Short web captions
▬▬▬▬▬▬
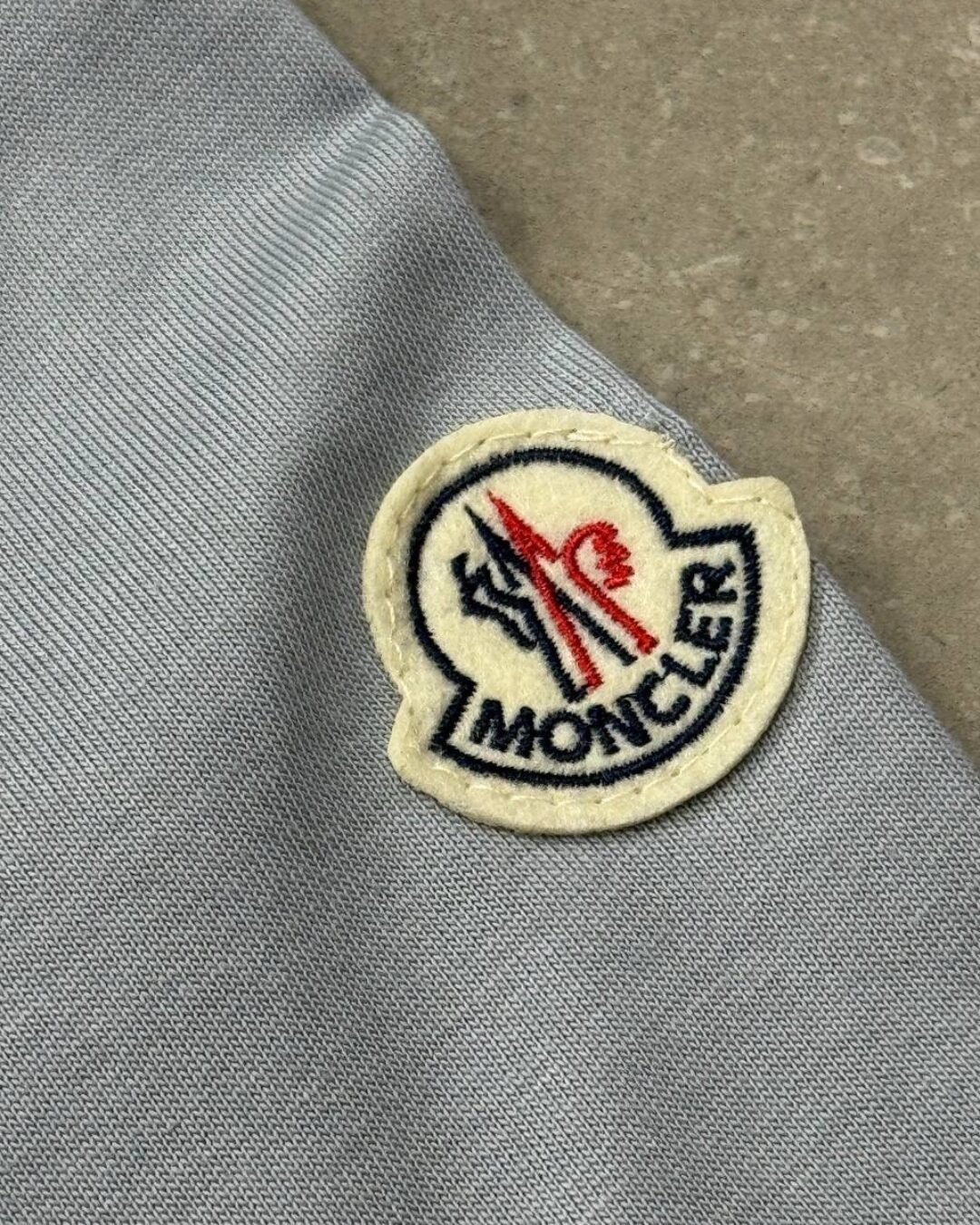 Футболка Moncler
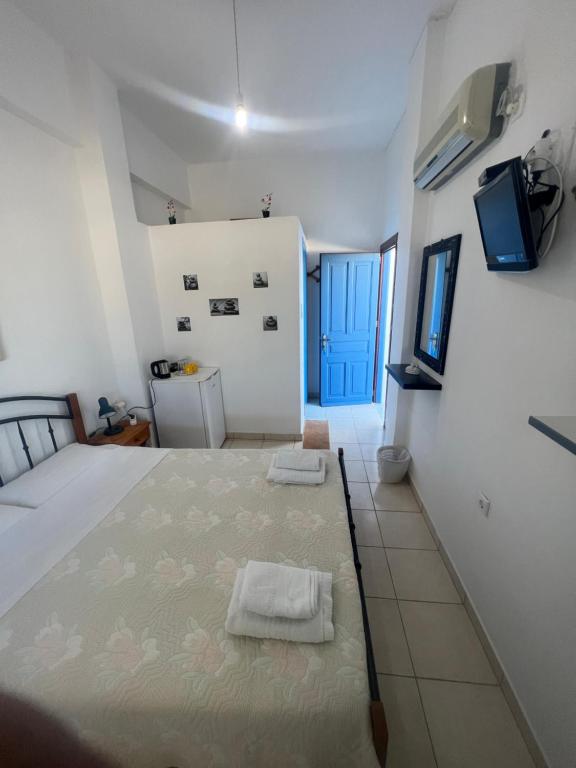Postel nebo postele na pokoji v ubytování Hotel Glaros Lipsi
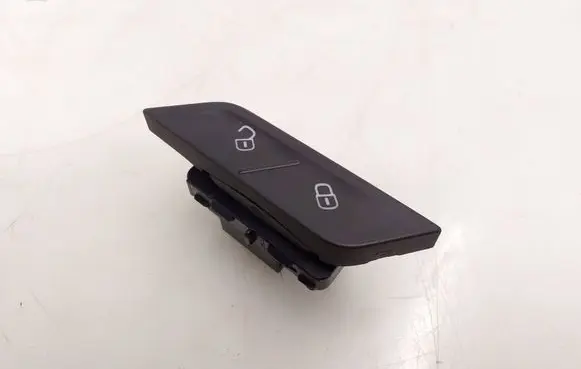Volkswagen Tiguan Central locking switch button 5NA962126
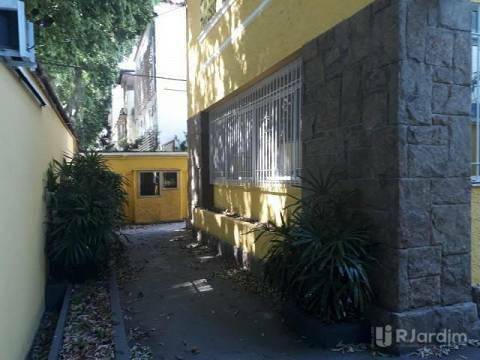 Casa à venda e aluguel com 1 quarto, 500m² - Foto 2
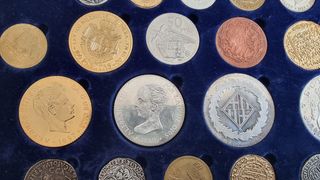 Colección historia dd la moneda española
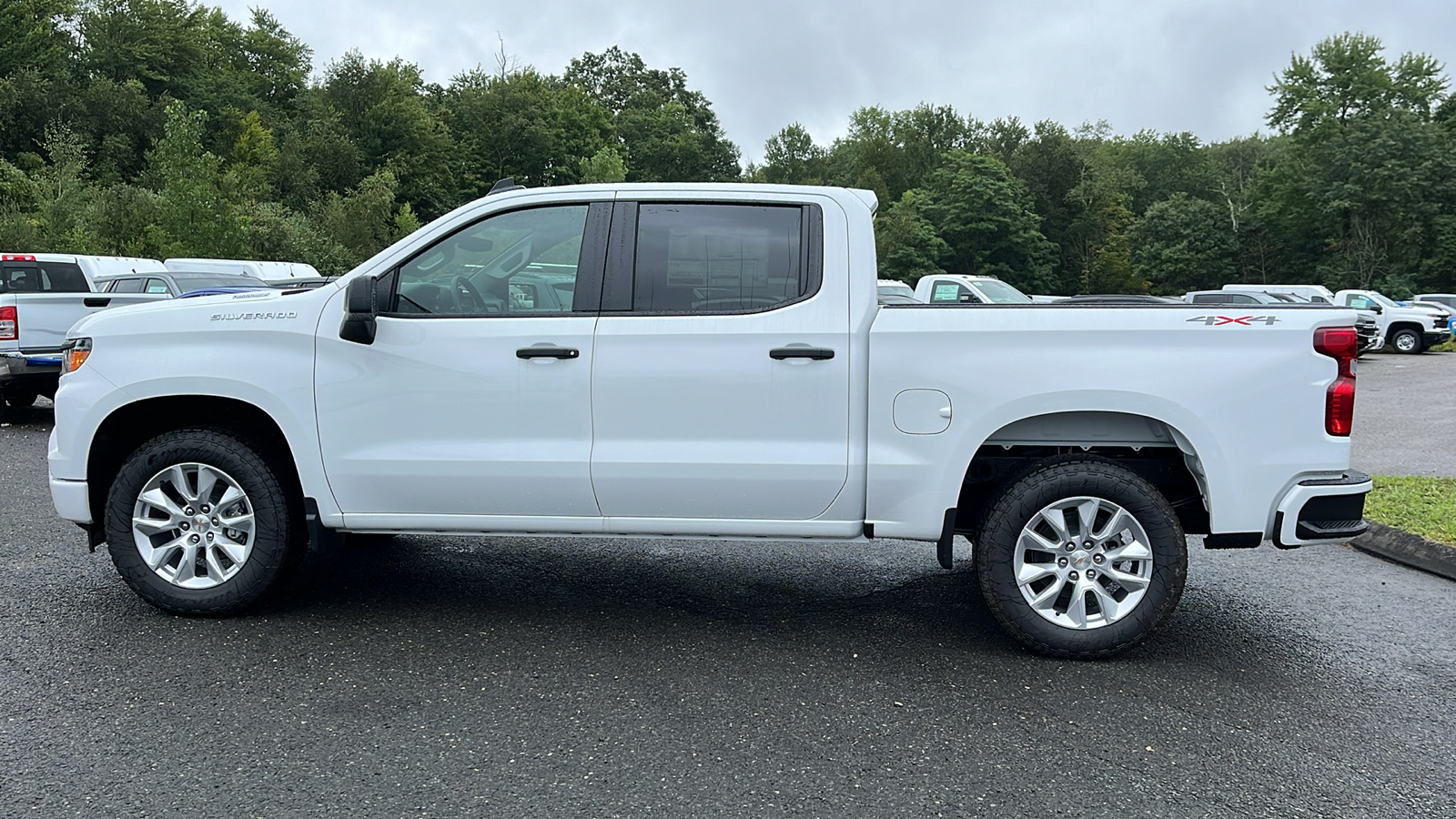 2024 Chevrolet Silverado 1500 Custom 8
▬▬▬▬▬▬
All of the entries must be reproduced exactly, with no pictures kept.

** Response area **
 Футболка Moncler
Postel nebo postele na pokoji v ubytování Hotel Glaros Lipsi
Volkswagen Tiguan Central locking switch button 5NA962126
 Casa à venda e aluguel com 1 quarto, 500m² - Foto 2
 Colección historia dd la moneda española
 2024 Chevrolet Silverado 1500 Custom 8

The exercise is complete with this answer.